There is something seductive about the idea of two of cinema’s most striking leading ladies being featured in a sensuous, lush historical drama. The idea becomes even more enticing when you place a gentleman with dark, searching eyes between them. And just as different opinions on religion flow in out of fashion in the Tudor court, the historical drama itself has thrust itself into the forefront of our movie going conscience; the season is ripe for films like Focus Features’ The Other Boleyn Girl.
In this adaptation of Phillipa Gregory’s excellent novel, the forces of Scarlett Johansson and Natalie Portman are combined.
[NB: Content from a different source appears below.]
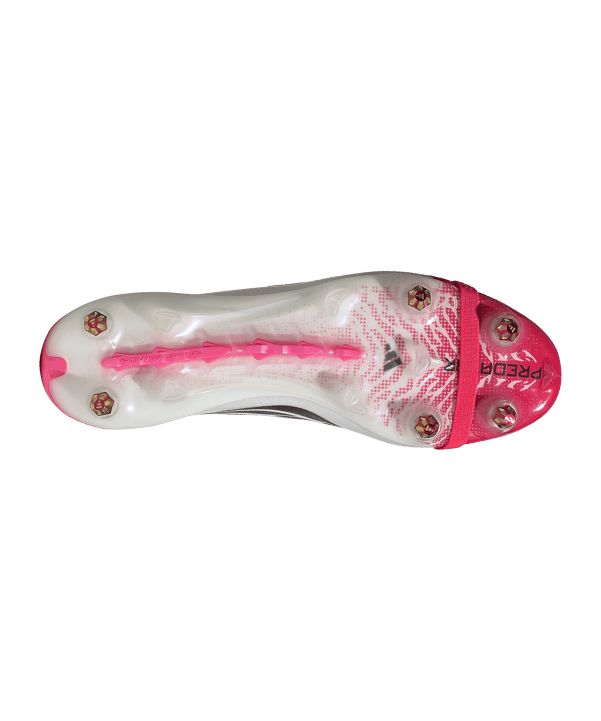adidas Predator Elite FT SG Born for Goals Rot - rot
They are cast as the Boleyn sisters, Johansson as the innocent, light Mary and Portman as the dark, dangerous Anne. Gregory’s story is one filled with seduction, greed, lust, betrayal, obedience, and, most significantly, ambition. She weaves together fact and fiction to tell a famous story from the outsider’s eyes. The eyes of the other Boleyn girl, the eyes of Mary.
While it’s true that Gregory does use a bit of literary license in her novel, she stays to true the overarching facts of history. She creates a story that is both entertaining and intriguing. A story that challenges the reader to take sides, to dare to judge the people involved, and then shows in the end how we are all merely, simply human.
Where the novel succeeds in it’s richness of detail, bringing to life the court of King Henry VIII, the film unfortunately fails. I mention the novel’s strengths to offer a counterpoint to the film’s weaknesses. Where Gregory plays with facts to enhance the story, the filmmakers change facts completely for a purpose that I could not fathom. Where Gregory gives us rich details that add depths and bring the reader’s imagination to life, the film is overblown, silly, and pretentious. Where Anne, Mary, and George Boleyn of Gregory’s imagination are siblings whose complicated relationships are at once believable and sympathetic, the film’s Boleyn’s are dense and unremarkable.
The film’s director Justin Chadwick and cinematographer Kieran McGuigan are able to paint a pretty picture but there is nothing of substance beyond it. Which in itself seems to miss the point of the story they are attempting to tell. I found the stylistic decisions to often be distracting. When your production design is as gorgeous as this film’s, I want to see it, I don’t want half of my frame obscured by some random foreground object, the other half out of focus.
However, I think the biggest fault is in the writing. I don’t understand the choice to open the film as they did, with King Henry visiting the Boleyn estate and having Anne thrown at him. It is one of many departures from both the novel and history and serves only to offer us a drawn out and completely unengaging representation of events. The entire first act is slow moving, fails to develop any of the characters, and left me not caring one bit about anyone.
The development of Anne and Mary gradually improves as the plot unfolds but this has more to do with the strength of the performances than anything else. At least by the end of the film I had a sense of who these two women were supposed to be, if nothing else.
What I really do fail to understand though is the reasoning behind all of the changes that are made. Having read Gregory’s novel I know that while long it is certainly an adaptable story. The film’s greatest flaw is its failure as this adaptation. Rather than focusing on one element, one protagonist (which sensibly should have been Mary since that’s whose story the novel tells) the film cannot make up its mind and as a result it is no one’s story. It becomes a string of plot points. A boring history lesson in which the history you’re learning is not even a history you can trust.
Which I suppose brings up questions such as what is a version of history that can be trusted? Since the storyteller easily manipulates truths, events come to mean whatever those relating them want them to mean, etc. And if I thought something like was what the filmmakers were trying to give us then, well, that could have been thought provoking at least. But I don’t think that is what they were trying to do and their point had about as much presence as Eric Bana’s King Henry (that is to say, not a lot).
The Other Boleyn Girl is another pretty face with absolutely nothing behind it. It loses its charms after first glance and never gives the viewer anything worthy of a second look. If historical drama is the fashion you crave, the novel is available in any major bookstore.